To do :: Transcribe all the data below exactly, leaving its pictures out.

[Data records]
Start of Block
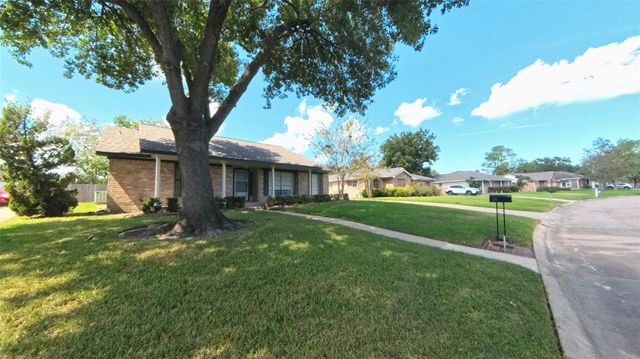 1115 Newport Boulevard, League City, TX 77573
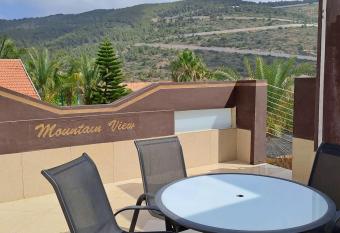 Mountain, Forest and Sea has Balcony rooms
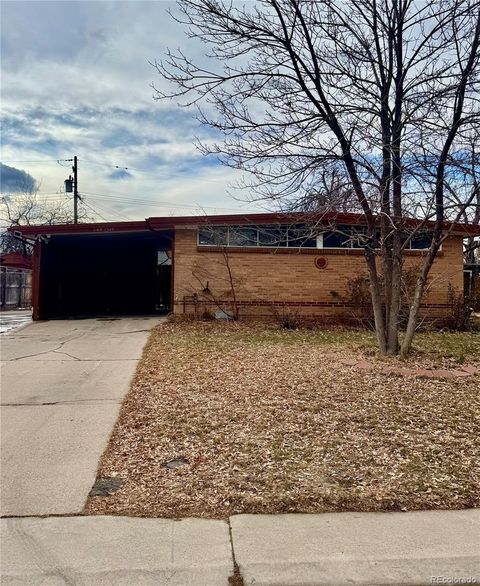 1349 S Chase Court Lakewood CO 80232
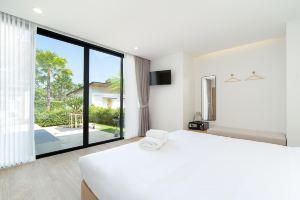The Season Hotel, Ban Phe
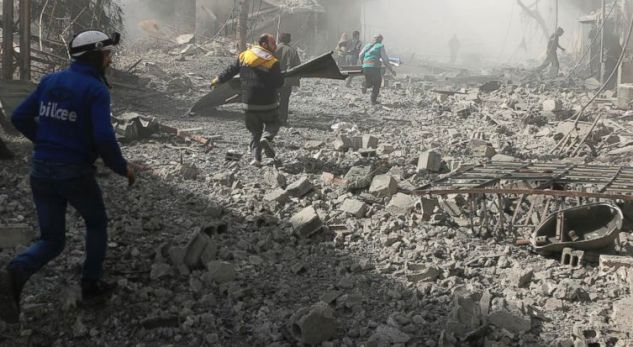 Mbi 210 të vdekur nga bombardimet në rrethinat e Damaskut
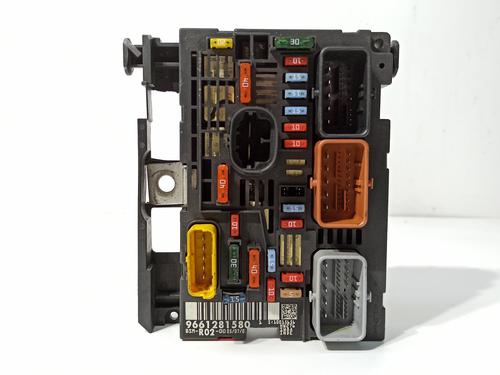 Used Fuse box PEUGEOT 407 SW (6E_, 6D_) 2.0 HDi 135 (136 hp) 25451422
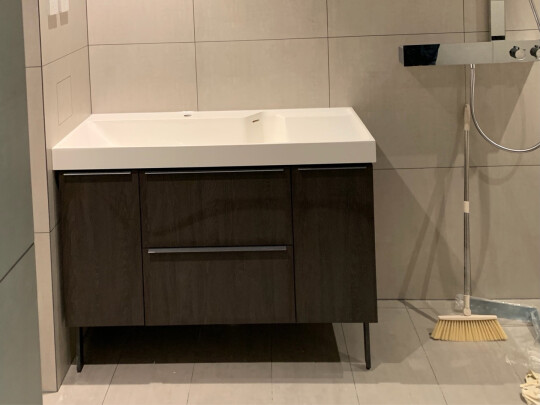 %title插图%num 科勒(KOHLER)玲纳浴室柜浴室家具多功能洗漱台浴室柜组合深橡木纹 1200mm浴室柜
End of Block
Answer to this problem ::
 1115 Newport Boulevard, League City, TX 77573
 Mountain, Forest and Sea has Balcony rooms
 1349 S Chase Court Lakewood CO 80232
The Season Hotel, Ban Phe
 Mbi 210 të vdekur nga bombardimet në rrethinat e Damaskut
 Used Fuse box PEUGEOT 407 SW (6E_, 6D_) 2.0 HDi 135 (136 hp) 25451422
 %title插图%num 科勒(KOHLER)玲纳浴室柜浴室家具多功能洗漱台浴室柜组合深橡木纹 1200mm浴室柜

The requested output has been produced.